Filmed over a seven-year period before its release in 1971, Pink Narcissus remains extraordinary. John Bidgood developed the extravagant imagery of this film shot on Super-8 almost entirely within the walls of his cramped New York apartment. That restricted space is the work’s basic premise: a male prostitute idly sits at home in between the visits of clients. Yet the largely silent, 65-minute film bursts visual and temporal confines in a centrifuge of erotic fantasy.
In a sequence of scenes awash in pink and blue, actor Bobby Kendall daydreams himself into another dimension, imagining himself as a succession of make-believe characters: a Spanish matador, an ancient Roman slave, and, of course, the mythical Narcissus. What the film lacks in coherent narrative it makes up for in a mesmerizing montage of costumes and landscapes, steeped in lavish colour and often wrought from papier mâché. Originally released without the consent of Bidgood (whose anonymity contributed to the film’s cult status), Pink Narcissus looms large in the pantheon of queer cinema.
Less well known, however, are the photographs the director took while preparing the film. Presented here are 13 examples: small, square-format images that appear less like screen tests than fully-fledged works in their own right. In one image, a bare chested blonde-haired man unzips his pants, while a simulacrum of the Eiffel Tower tilts off-kilter behind him. Another reveals, from worm’s eye view, the oiled thighs and prodigious codpiece of a man grasping a gladiator’s helmet. (Or is it Hermes? Or Mars?). Still another shows the same model, presumably suspended from the ceiling, as he rides some sort of jewelled animal, grinning like Peter Pan soaring above the stage. Pink Narcissus itself plays on a loop in an adjacent gallery, affording some comparison of its imagery with these shots.
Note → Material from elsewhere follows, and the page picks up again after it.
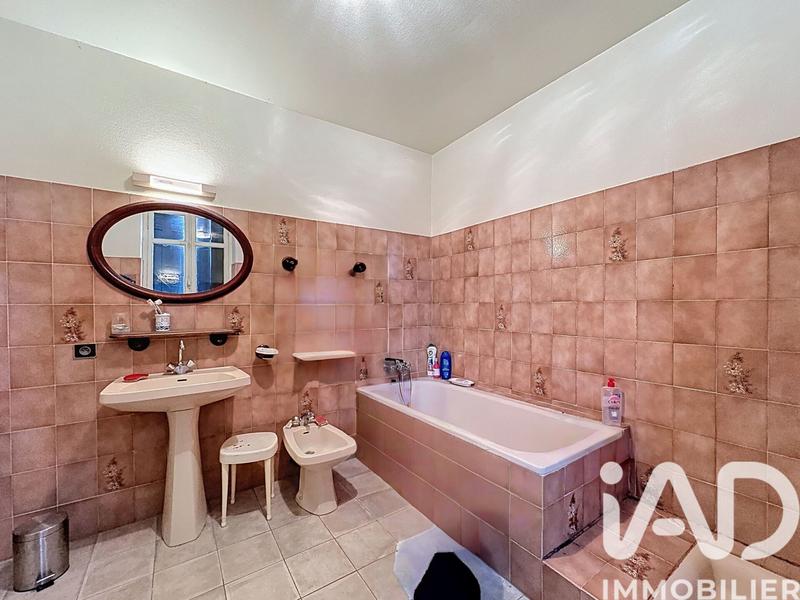 Maison - 329 m² - 10 pièces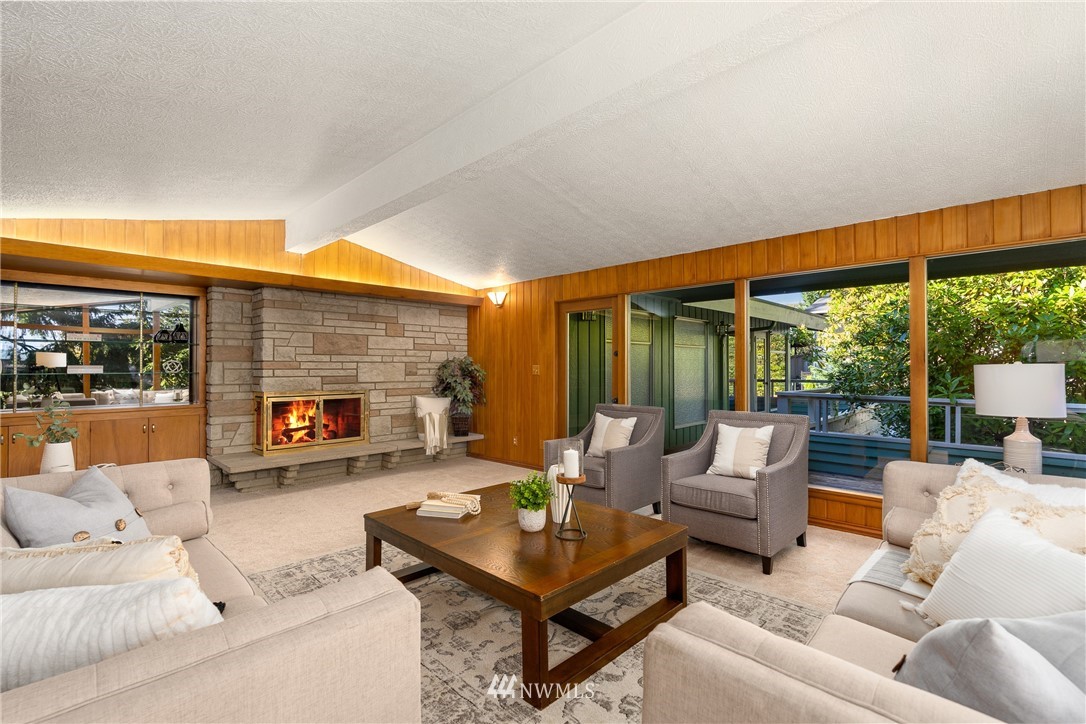 18905 Ross Road Bothell, WA 98011 - Photo 3 of 29 Gallery Image 3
While the latter seem largely autonomous works, Bidgood evidently advertised many of these works as available for sale in ‘physique’ magazines during the 1960s – magazines whose imagery he clearly drew upon, even as he plainly subverted their virility. Some of the images eschew plain, full-body depictions for different effects. Untitled – Sandcastles Series #6 (1963), for example, reveals the heads of two supine men in close, intimate quarters. Untitled – Sandcastles Series #14 (1963), by contrast, plays with distortions of scale; its foregrounded figure looms so much larger than a man in the background as to seem part of a collage.
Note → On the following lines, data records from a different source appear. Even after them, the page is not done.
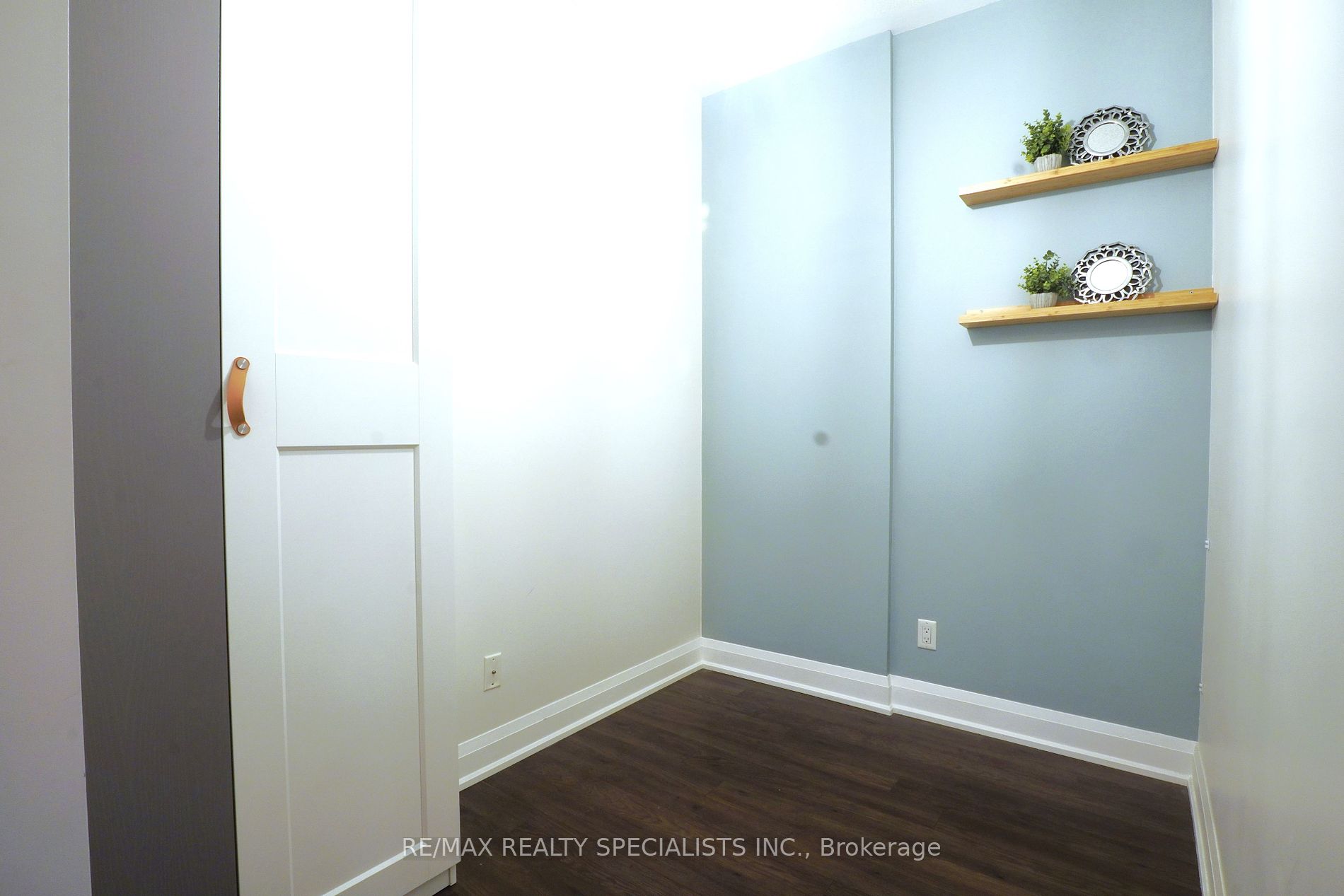 55 Yorkland Blvd, #704
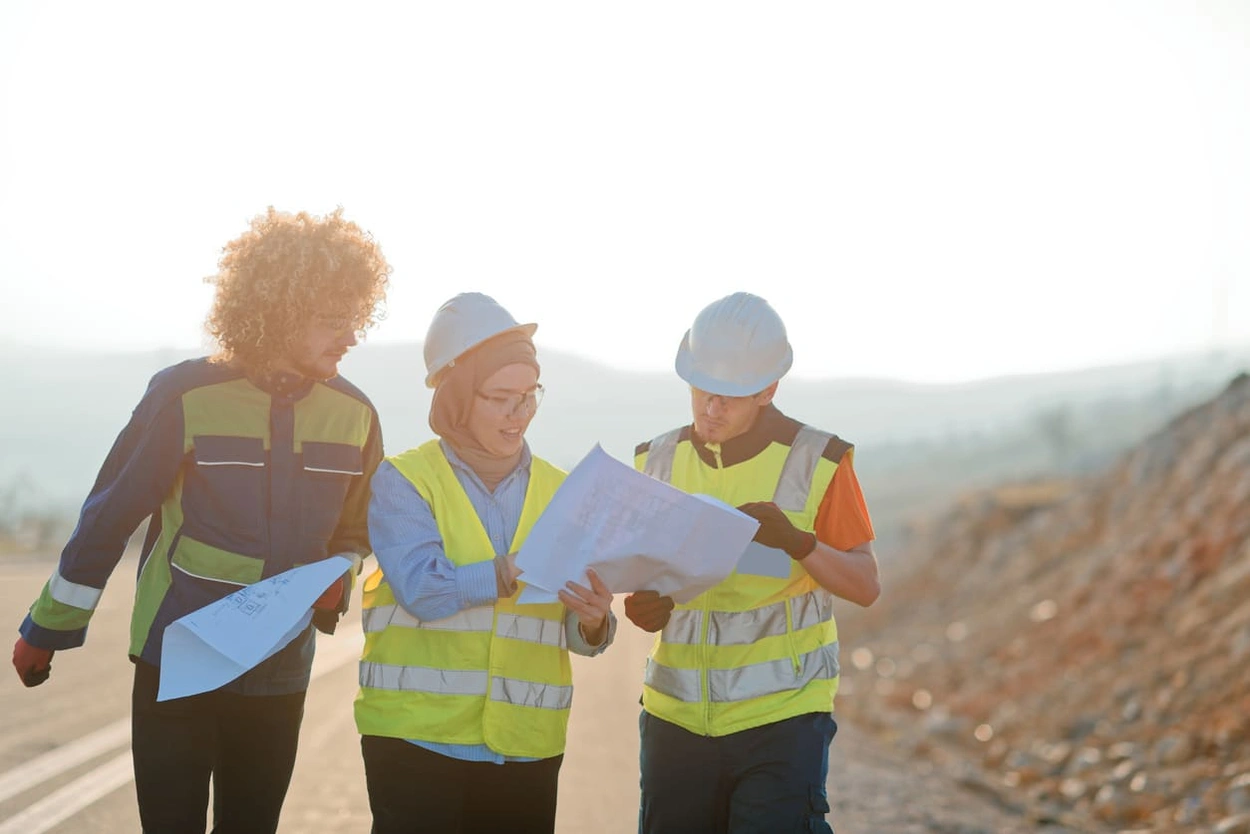 Site managers using AEC printing and large format papers to communicate safety protocols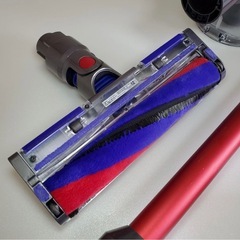 美品　ダイソン v8 slim fluffy dyson スリム　軽量　 コードレス　クリーナー　掃除機の画像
In its mix of mannered form and outré content, Pink Narcissus has few equals in postwar cinema (Carmelo Bene’s Salome of 1964 comes to mind, in its combination of erotic theme and hallucinatory effects). Its influence may be felt in a range of practices, from Pierre et Gilles’s hyper-stylized photographs to David LaChapelle’s glittery tableaux to Zach Snyder’s film 300 (2006). The exhibition passed over such comparisons, however, in hanging a number of recent photographs by John Maybury in an adjoining gallery. Known chiefly as a filmmaker, Maybury authored one of the best artist biopics in recent memory – Love is the Devil: Study for a Portrait of Francis Bacon (1998). That film’s creative, painterly evocations of Bacon’s masochistic tendencies would seem to have pre-disposed Maybury to venturing erotic images in the vein of Bidgood’s work.
Instead, this selection of ten black and white prints by Maybury feature the Temple of Segesta in Sicily, occasionally framed with a lone, nude male model. Appropriate to the temple’s Doric order, however, the photographs are stately and unadorned. Two of the works – Tempio di Segesta 1, Tempio di Segesta 2 and Tempio di Segesta 3 (Temple of Segesta, all 2015) – reveal symmetrical, cropped views of the ruined structure. Segesta 4 (Arthur Gillet), Segesta 5 (Arthur Gillet) and Segesta 6 (Arthur Gillet) depict their eponymous model against different spaces and textures, whether a steep set of ruined stairs or a larger panorama. Segesta 1 (Arthur Gillet), Segesta 2 (Arthur Gillet) and Segesta 3 (Arthur Gillet) (all 2015) home in on the lone figure, surrounded only by an inky black. In these blurrier, more impish shots, the model’s long, satyr-like beard gives the lie to Doric propriety, evoking instead a Dionysian sensuality. The dynamic hanging highlighted Maybury’s keen framing as well as the series’ conceptual interplay between classical structure and human sentience. The ‘Segesta’ works, in short, held their own, while forming a fitting complement to Bidgood’s very different work.